まず、「ふたつの唯物論」の間の論争だが、驚かされるのは、こういう議論が初期ソ連の指導層内で大真面目で論争されていたことだ。それが革命や政治とどういう関係があるのか。どれだけの重要性があったのか。私には単に「どんな知的論争であれ相手に負けたくない」というインテリたちのプライドのぶつかり合いにしか見えない。つまり「哲学において相手より上だと証明できたら、それは自分のすべての知的優位を立証する」という思考が存在したのではないか。それは当然、政治的闘争でも「こちらのほうが知的に優れているのだからこちらの言い分に全員が従うべきだ」となるわけである。私はスターリンなどがこういう論争に積極的に参加したとは思わない。それだけの教養は彼には無かっただろう。しかし、政治力や実行力(テロを含む)では彼は他の指導者たちより勝っていたわけだ。

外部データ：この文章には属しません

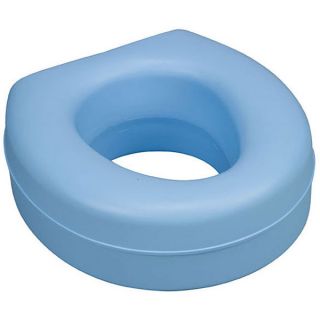 Mabis Deluxe Plastic Blue Toilet Seat Riser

で、「ふたつの唯物論」については私はレーニンの考えに近いが、それが「共産主義」と関わるとはまったく思わない。紙谷氏とは正反対であるわけだ。共産主義化することで、人間はこの世界とより密接に関わり幸福になるとはまったく思わない。ソ連は「本物の共産主義」ではなかったとしても、それに近い政治体制だったことは事実だろう。で、人々はそこで幸福だったか? 世界とより関わり、その幸福さを芸術などに表現したか? まったく、ゼロである。
当たり前の話だ。たとえば小説などは「主に現実の不幸や矛盾を題材にする」ものだ。プロレタリア作家にとって「現実の幸福を描く」小説などブルジョワ芸術視され軽蔑されるだろう。では、プロレタリア小説家は、革命が成功したら何を描くのか。「共産主義体制下の不幸や矛盾」を描けるか。描けるはずがない。描いたら国家反逆罪で投獄されるだろう。現にソ連ではそうなった。では、共産主義政府の下での「幸福を描く」か? そんなのは見たことが無い。あっても、北朝鮮のマスゲームのような愚劣な仮装にしかならないだろう。
とりあえず、唯物主義社会は別に共産主義だけではない。むしろ資本主義社会こそ唯物主義の極致だろう。しかし、そこでは宗教もビジネス(生活の資)として堂々と存在できる。つまりビジネス最優先社会とは、下劣極まりないものもビジネスとして存在できるし、高尚なものも存在できるわけだ。それを「自由主義」と言ってもいい。もちろん、上級国民の自由は最大限で下級国民の自由は最小限であるが、共産主義国家よりはマシだろう。(ここで言う「共産主義国家」は理想としてのそれではなく、「現実に近い」共産主義国家である。)